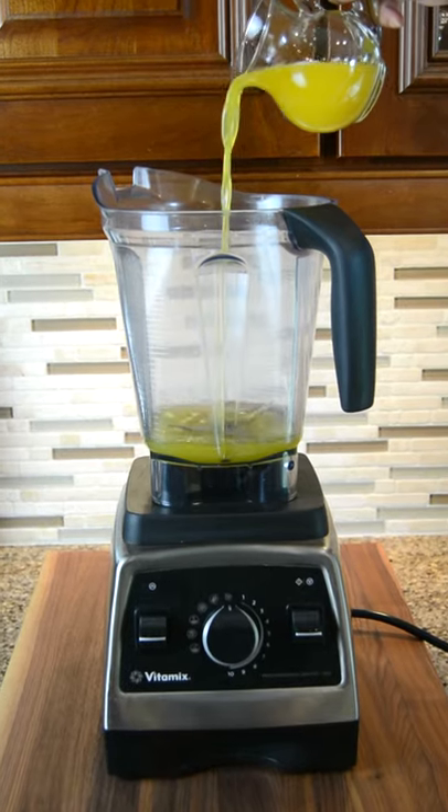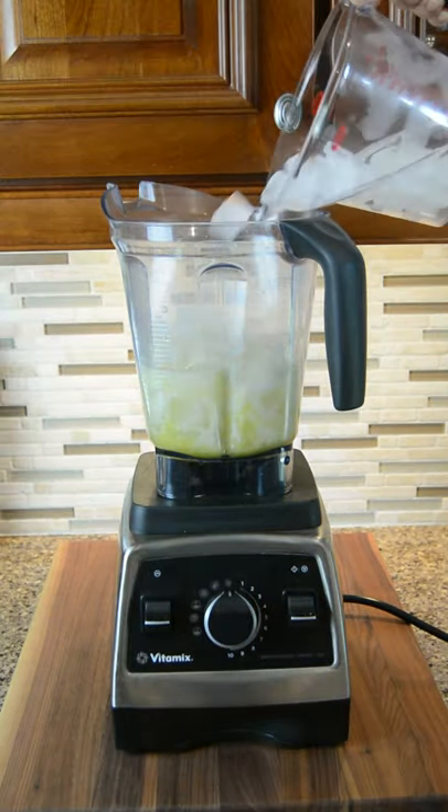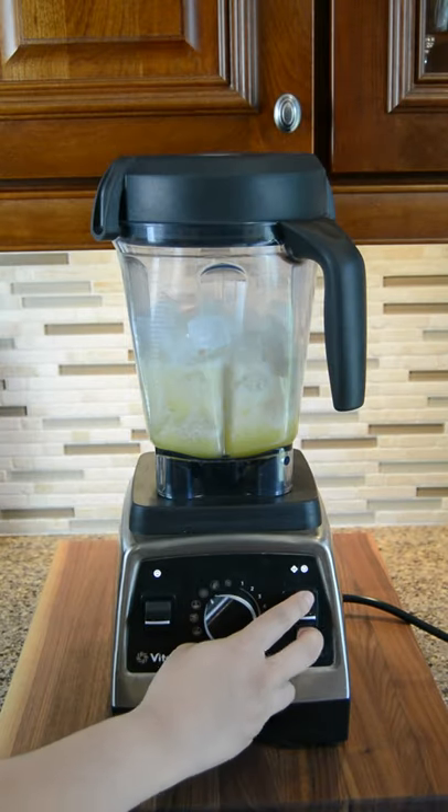To a blender add in 6 ounces of white rum, 8 ounces of pineapple juice, and 8 ounces of coconut cream. Now add in 3 cups of ice and blend.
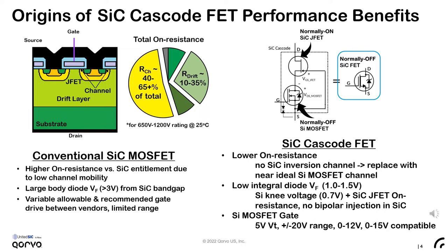Conventional MOSFETs also have a body diode that turns on with a large knee voltage, stemming from silicon carbide's wide band gap. In the case of the cascode, the knee voltage of the integral diode is only 0.7 volts associated with silicon PN junctions, and the forward drop at nominal currents is typically between 1 to 1.5 volts. Additionally, the silicon MOSFET allows a full 5-volt threshold voltage, which is good for noise margin, and is compatible with 0 to 12 or 0 to 15-volt silicon drive voltage, with a full plus-to-minus 20-volt VGS range.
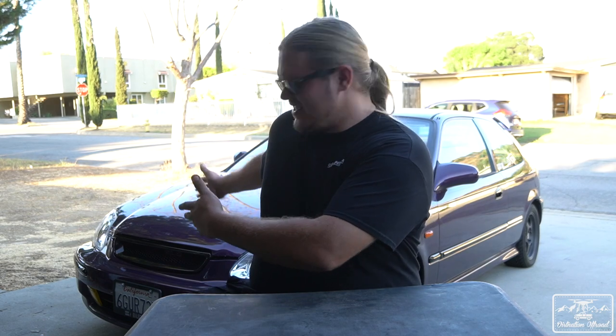Before the comment section explodes, let me get this out of the way — this is not the Tacoma behind me, this is my '96 Honda Civic. The Tacoma's not here right now, so I don't have it available as a backdrop for filming. Bear with me, don't be mad.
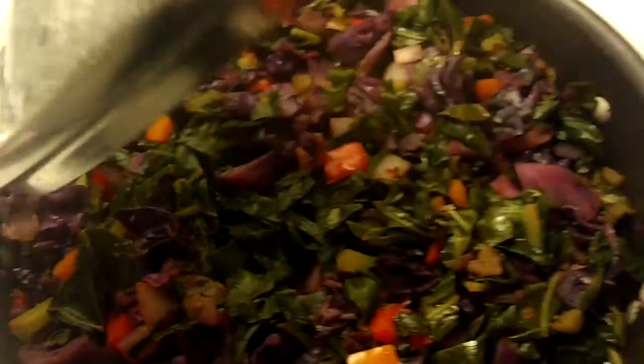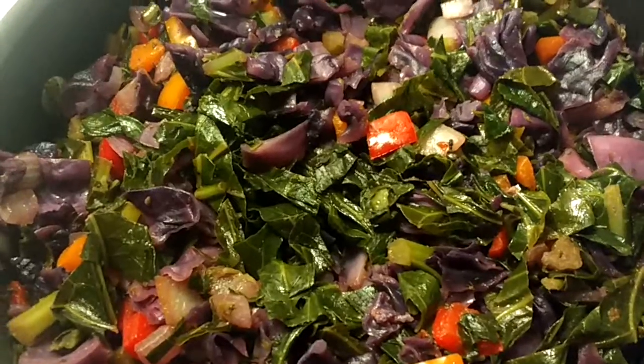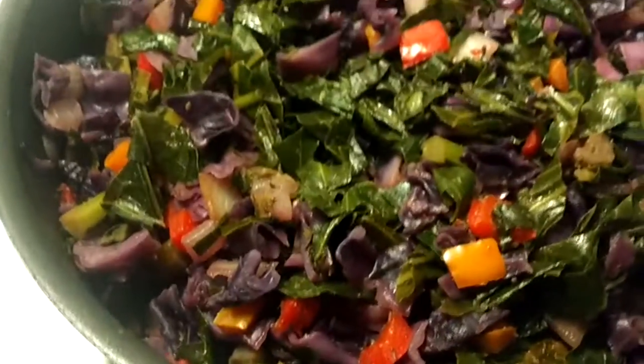You got peppers and onions in there. And then this is my greens — cabbage, peppers, onions medley.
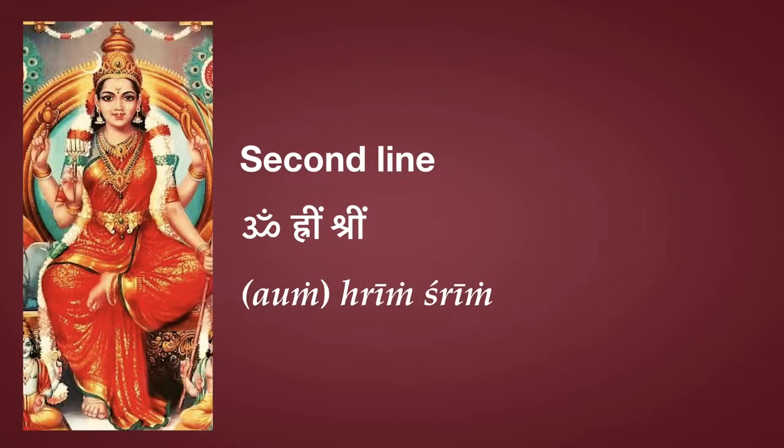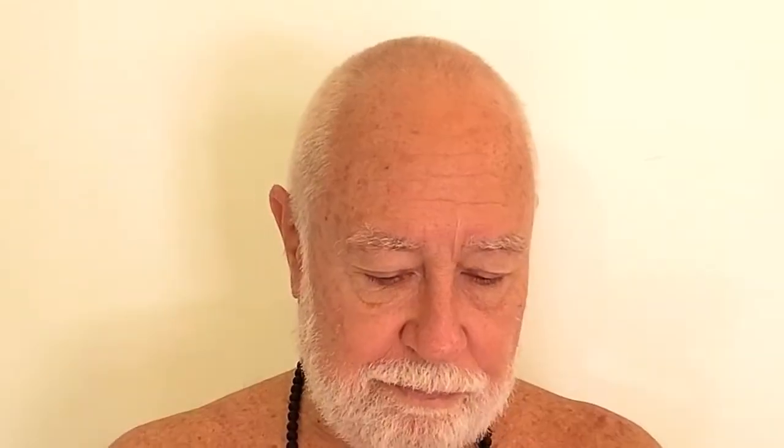Aum Hring Shring. Now, the Aum used in the beginning of the first line represents Shiva, or Brahman, the Supreme Self. But the Aum in the beginning of the second line represents the jiva, the Atma, the aspirant, the disciple — in other words, us.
········
▶ _TO DO_
For this exercise, retype exactly, and only, the lines from the line with "Before the comment" through the last line of the material above, both included. Pictures stay out.

▶ _RESULT OF THE TASK_
Before the comment section explodes, let me get this out of the way — this is not the Tacoma behind me, this is my '96 Honda Civic. The Tacoma's not here right now, so I don't have it available as a backdrop for filming. Bear with me, don't be mad.
You got peppers and onions in there. And then this is my greens — cabbage, peppers, onions medley.
Aum Hring Shring. Now, the Aum used in the beginning of the first line represents Shiva, or Brahman, the Supreme Self. But the Aum in the beginning of the second line represents the jiva, the Atma, the aspirant, the disciple — in other words, us.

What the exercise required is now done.